Compare: Quota vs. Stratified Sampling—both ensure subgroup representation, but stratified uses random selection within strata while quota uses researcher judgment. Exam tip: if a question describes "ensuring 30% of respondents are from each region" without mentioning random selection, it's quota sampling, and you should flag the bias risk.


Choosing the Right Method

The choice between methods depends on research goals, available resources, and acceptable trade-offs. Probability methods support inference; non-probability methods sacrifice validity for practicality.

ConsiderationProbability MethodsNon-Probability Methods
Valid inferenceYes—standard errors calculableNo—cannot generalize
Bias controlRandomization eliminates selection biasSelection bias likely
Cost/timeHigher (need sampling frame, random selection)Lower (grab who's available)
Best use caseConfirmatory research, policy decisionsExploratory research, pilot studies

Compare: Probability vs. Non-Probability Sampling—the fundamental distinction is whether you can calculate the probability that any given unit enters your sample. If yes, you can do inference. If no, your results are descriptive only. FRQs often present a scenario and ask you to identify the sampling method and evaluate whether conclusions are valid—this distinction is your key.


Quick Reference Table

ConceptBest Examples
Equal probability selectionSimple Random Sampling, Systematic Sampling
Variance reduction through homogeneityStratified Sampling
Cost reduction for dispersed populationsCluster Sampling, Multistage Sampling
Hierarchical population structureMultistage Sampling
Speed over validityConvenience Sampling, Quota Sampling
Qualitative/exploratory researchPurposive Sampling
Valid statistical inferenceAll probability methods (SRS, Stratified, Cluster, Systematic, Multistage)
Selection bias riskAll non-probability methods (Convenience, Quota, Purposive)

Self-Check Questions

  1. A researcher wants to estimate average household income in a city but only has resources to visit 10 neighborhoods.
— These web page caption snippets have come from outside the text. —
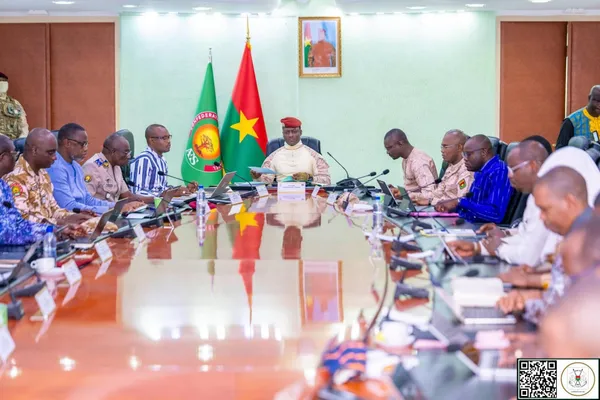 Identifiant biométrique : le Burkina Faso lance l'enrôlement de masse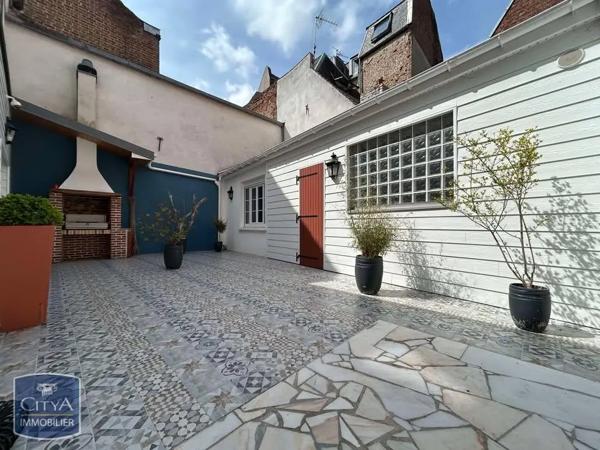 Vente appartement 122m²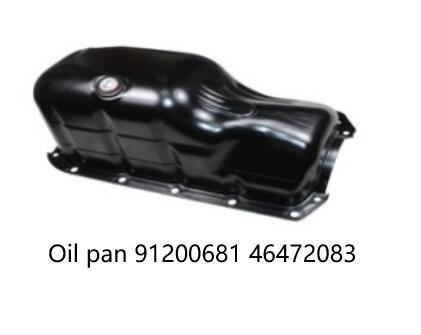 Oil pan 91200681 46472083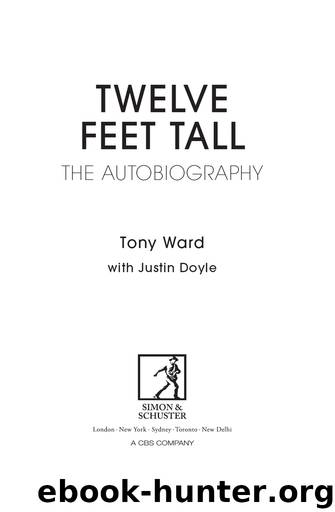 Twelve Feet Tall by Tony Ward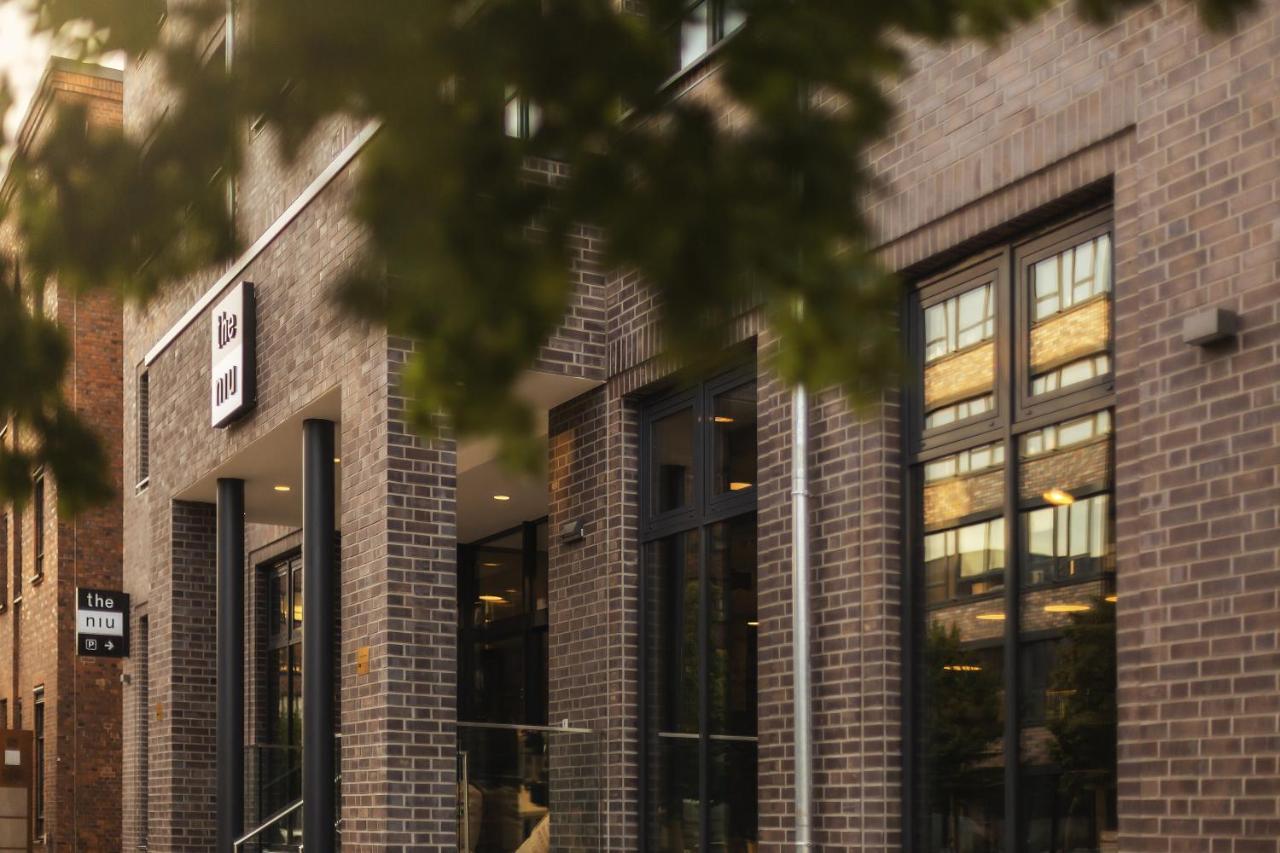 Holiday Inn - The Niu, Bricks Hamburg Eppendorf By Ihg Bagian luar foto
She randomly selects 10 neighborhoods and surveys every household in each. What sampling method is this, and what is its main disadvantage compared to SRS?

  2. Which two sampling methods both divide the population into groups but differ in which units ultimately get sampled? Explain the key distinction and when you'd prefer each.
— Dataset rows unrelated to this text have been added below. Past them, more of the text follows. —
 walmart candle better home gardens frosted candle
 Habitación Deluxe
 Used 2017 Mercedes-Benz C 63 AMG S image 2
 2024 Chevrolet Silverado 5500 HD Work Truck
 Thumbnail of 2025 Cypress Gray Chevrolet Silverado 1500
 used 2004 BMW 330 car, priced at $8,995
  3. A polling company ensures their sample includes 40% Democrats, 40% Republicans, and 20% Independents by interviewing people at a shopping center until they hit those numbers. Identify the sampling method and explain why confidence intervals from this data would be invalid.

  4. Compare systematic sampling and simple random sampling: under what specific condition does systematic sampling produce biased estimates while SRS would not?

  5. An FRQ describes a study where researchers first randomly selected 5 states, then randomly selected 3 counties within each state, then surveyed 100 randomly chosen residents per county. Name the sampling method, identify how many stages it has, and explain why standard variance formulas cannot be directly applied.